Number of subsets not containing a given subset and a given point... 1) Let $V$ a set of cardinality $n$. Let $B$ a subset of cardinality $2 \le k<n$, $v \in B$ and $l$ a number such that $k \le l \le n-2 $. How many $l-$subsets not containing neither $B$ nor $v$ are there?
2) Let $V$, $B$ and $v$ as before. Let $l$ a number such that $k \le l \le n-1$. How many $l-$subsets not containing $B$ but containing $v$ are there?
 A: In the first problem it’s easier to count the complementary sets. There are exactly as many $\ell$-subsets of $V$ not containing $B$ or $v$ as there are $(n-\ell)$-subsets of $V$ that contain $v$ and at least one element of $B$. To form an $(n-\ell)$-subset of $V$ that contains $v$ and at least one element of $B$, we start by choosing $v$. Then we must choose $n-\ell-1$ elements of $V\setminus\{v\}$, which we can do in $\binom{n-1}{n-\ell-1}$ ways.
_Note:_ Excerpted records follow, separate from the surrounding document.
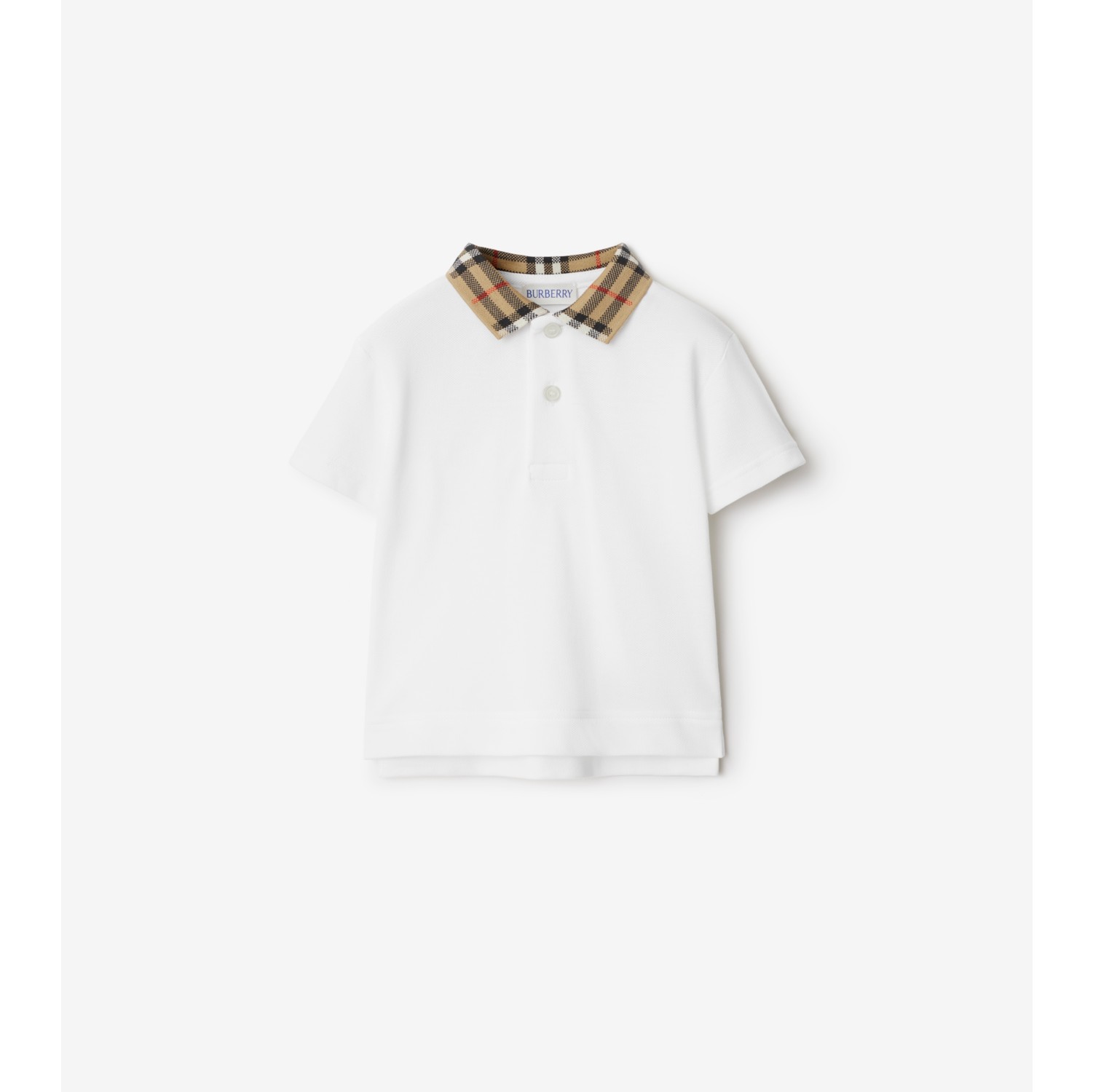 Check Collar Cotton Polo Shirt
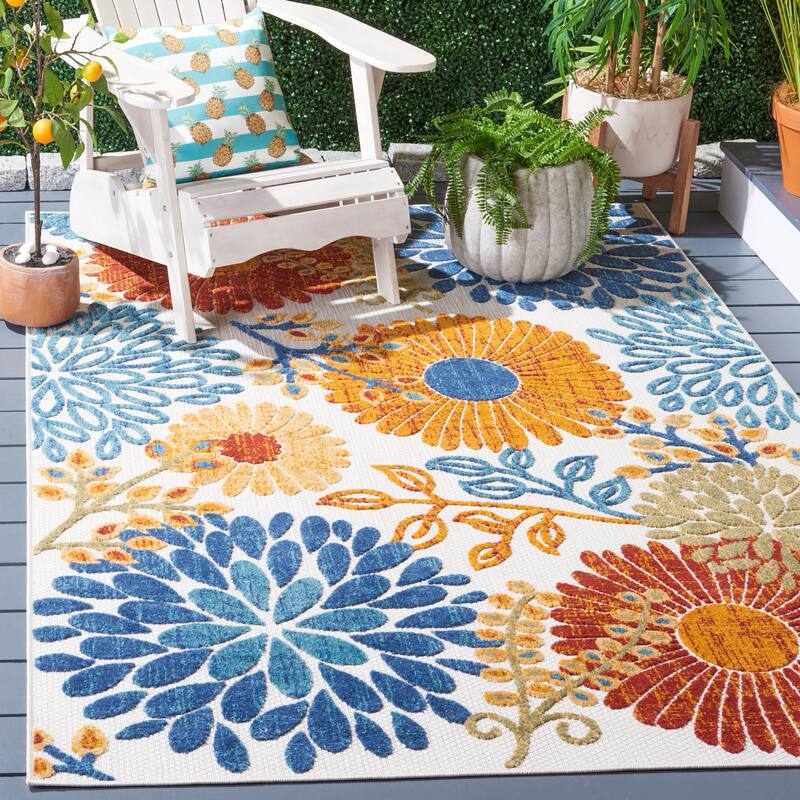 SAFAVIEH Cabana Lilah Indoor/ Outdoor Waterproof Patio Floral Rug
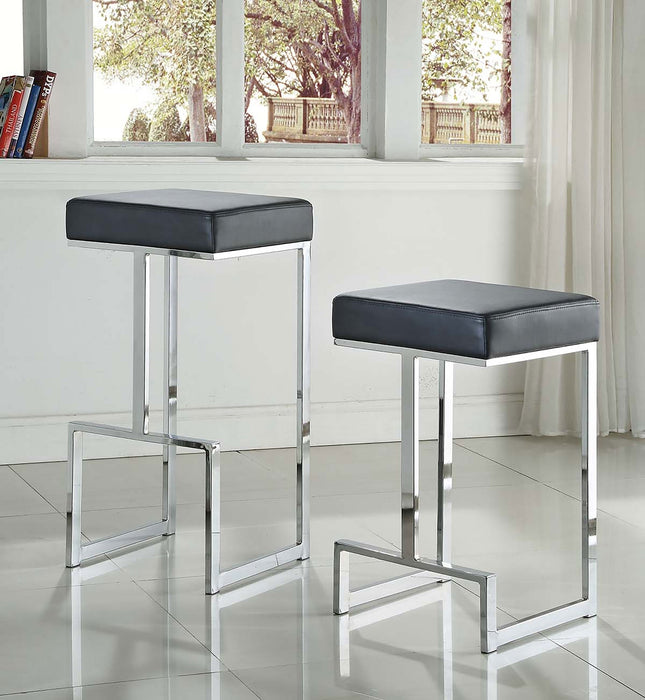 Coaster Gervase Square Bar Stool Black and Chrome Counter Height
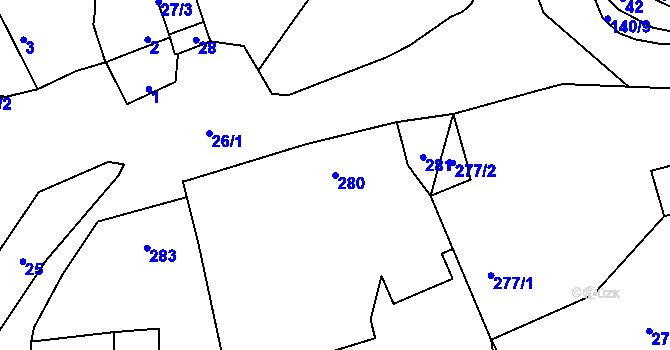 Parcela st. 280 v KÚ Motyčín, Katastrální mapa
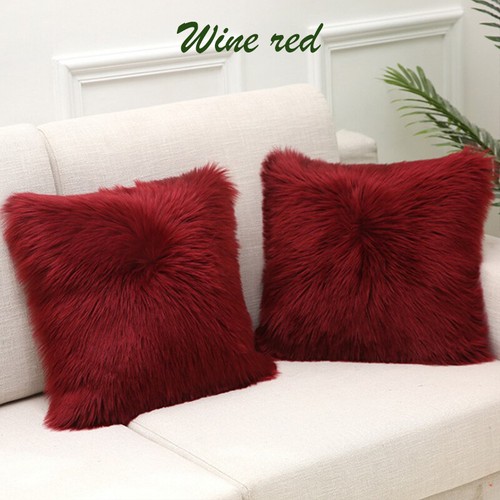 Furry Cushion Cover Decorative Throw Pillow Cases Hidden Zipper Plush Home Decor - Bild 20 von 27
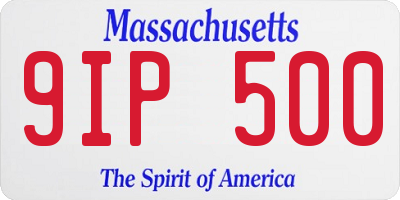 MA license plate 9IP500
However, $\binom{n-k-1}{n-\ell-1}$ of these subsets are disjoint from $B$, so we can’t use them. That leaves a total of $$\binom{n-1}{n-\ell-1}-\binom{n-k-1}{n-\ell-1}=\binom{n-1}\ell-\binom{n-k-1}{\ell-k}$$ subsets of the desired form.
In the second problem it is again easier to count the complementary sets; they are the $(n-\ell)$-subsets of $V$ that do not contain $v$ but do contain at least one element of $B$. There are $\binom{n-1}{n-\ell}$ $(n-\ell)$-subsets of $V$ that do not contain $v$, but $\binom{n-k-1}{n-\ell}$ of them are disjoint from $B$; that leaves a total of $$\binom{n-1}{n-\ell}-\binom{n-k-1}{n-\ell}=\binom{n-1}{\ell-1}-\binom{n-k-1}{\ell-k-1}$$ sets of the desired form.